The core engine runs inside your Odoo instance: it computes frequently-bought-together affinities from your own historical `pos.order.line` data via a scheduled job, then scores add-ons against the live cart. Optional external signals like weather use guarded, timeout-bounded calls and degrade gracefully — no POS transaction data leaves your instance for those.
Every engagement includes a post-go-live support window for defect fixes and configuration tuning. Because you own the source and git repository, we can also quote version upgrades (e.g., moving to a newer Odoo release) or new upsell rules and dayparts as a follow-on. We do not push silent auto-updates to your production.

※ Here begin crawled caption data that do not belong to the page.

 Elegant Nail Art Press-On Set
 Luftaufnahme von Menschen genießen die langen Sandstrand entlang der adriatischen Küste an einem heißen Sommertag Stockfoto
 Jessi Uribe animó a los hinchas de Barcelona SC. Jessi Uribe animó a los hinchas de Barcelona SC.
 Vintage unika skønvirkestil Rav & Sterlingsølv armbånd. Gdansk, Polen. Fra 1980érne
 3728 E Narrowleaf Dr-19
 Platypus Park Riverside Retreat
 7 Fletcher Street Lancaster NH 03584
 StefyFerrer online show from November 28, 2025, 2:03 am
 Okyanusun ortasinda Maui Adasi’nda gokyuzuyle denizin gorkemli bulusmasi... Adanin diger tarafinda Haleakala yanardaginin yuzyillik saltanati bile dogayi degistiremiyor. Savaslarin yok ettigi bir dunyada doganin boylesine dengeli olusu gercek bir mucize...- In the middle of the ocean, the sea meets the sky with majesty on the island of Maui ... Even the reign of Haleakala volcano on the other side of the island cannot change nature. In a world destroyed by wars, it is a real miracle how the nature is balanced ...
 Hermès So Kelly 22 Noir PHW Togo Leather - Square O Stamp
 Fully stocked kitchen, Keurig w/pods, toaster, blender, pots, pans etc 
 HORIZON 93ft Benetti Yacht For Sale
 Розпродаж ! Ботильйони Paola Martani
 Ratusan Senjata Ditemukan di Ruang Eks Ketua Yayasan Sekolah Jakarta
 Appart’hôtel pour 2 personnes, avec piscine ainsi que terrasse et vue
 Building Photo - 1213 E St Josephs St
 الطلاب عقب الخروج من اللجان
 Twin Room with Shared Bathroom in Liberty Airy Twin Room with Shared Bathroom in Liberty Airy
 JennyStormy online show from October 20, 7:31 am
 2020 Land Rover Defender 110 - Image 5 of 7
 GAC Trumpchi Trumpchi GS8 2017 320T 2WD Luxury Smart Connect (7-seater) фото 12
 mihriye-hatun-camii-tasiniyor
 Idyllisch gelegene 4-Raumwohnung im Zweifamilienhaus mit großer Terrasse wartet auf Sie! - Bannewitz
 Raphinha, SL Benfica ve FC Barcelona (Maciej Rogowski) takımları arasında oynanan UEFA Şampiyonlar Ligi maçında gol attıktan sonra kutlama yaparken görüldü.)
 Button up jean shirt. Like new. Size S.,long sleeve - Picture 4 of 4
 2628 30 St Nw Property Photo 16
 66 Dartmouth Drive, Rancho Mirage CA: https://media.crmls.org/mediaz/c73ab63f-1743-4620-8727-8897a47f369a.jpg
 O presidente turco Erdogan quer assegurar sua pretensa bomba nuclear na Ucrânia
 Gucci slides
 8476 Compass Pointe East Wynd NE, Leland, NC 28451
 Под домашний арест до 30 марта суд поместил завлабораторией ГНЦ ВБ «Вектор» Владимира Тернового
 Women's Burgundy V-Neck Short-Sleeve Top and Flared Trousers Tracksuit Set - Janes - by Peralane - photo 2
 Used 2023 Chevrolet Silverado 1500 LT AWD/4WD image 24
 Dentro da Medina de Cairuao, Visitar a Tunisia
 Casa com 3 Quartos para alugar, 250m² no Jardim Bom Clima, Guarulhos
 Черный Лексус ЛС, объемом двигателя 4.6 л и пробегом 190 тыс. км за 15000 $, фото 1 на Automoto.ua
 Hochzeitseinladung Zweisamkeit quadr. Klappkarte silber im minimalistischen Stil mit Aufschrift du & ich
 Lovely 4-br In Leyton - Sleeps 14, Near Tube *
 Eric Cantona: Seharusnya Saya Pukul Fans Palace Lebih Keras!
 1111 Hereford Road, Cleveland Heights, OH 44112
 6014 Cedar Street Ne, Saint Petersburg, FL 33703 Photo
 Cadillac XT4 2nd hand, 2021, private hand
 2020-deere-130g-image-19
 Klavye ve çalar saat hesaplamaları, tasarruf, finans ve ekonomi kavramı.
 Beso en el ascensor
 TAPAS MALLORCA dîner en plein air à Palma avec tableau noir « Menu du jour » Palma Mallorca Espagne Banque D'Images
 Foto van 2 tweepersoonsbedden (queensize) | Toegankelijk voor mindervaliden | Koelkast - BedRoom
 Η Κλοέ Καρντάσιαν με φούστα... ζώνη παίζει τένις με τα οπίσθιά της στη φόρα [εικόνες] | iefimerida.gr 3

No. We build on top of native structures — optional products on `product.template` and `pos_restaurant` combos — rather than replacing them. Static lists remain as a fallback for new products with no history, and the engine layers dynamic, cart-aware suggestions above them.
Yes. Suggestion and analytics data are exposed over Odoo's standard XML-RPC / JSON-RPC API, so a BI tool, headless kiosk, or loyalty system can consume the same recommendations the POS shows, subject to Odoo access control.
A build-to-order Odoo POS extension that surfaces AI-driven add-on, combo, and frequently-bought-together suggestions at the cashier and self-service kiosk, tuned by time of day and cart contents to grow basket size. ECOSIRE builds, installs, and supports it for Odoo 17.0, 18.0, and 19.0.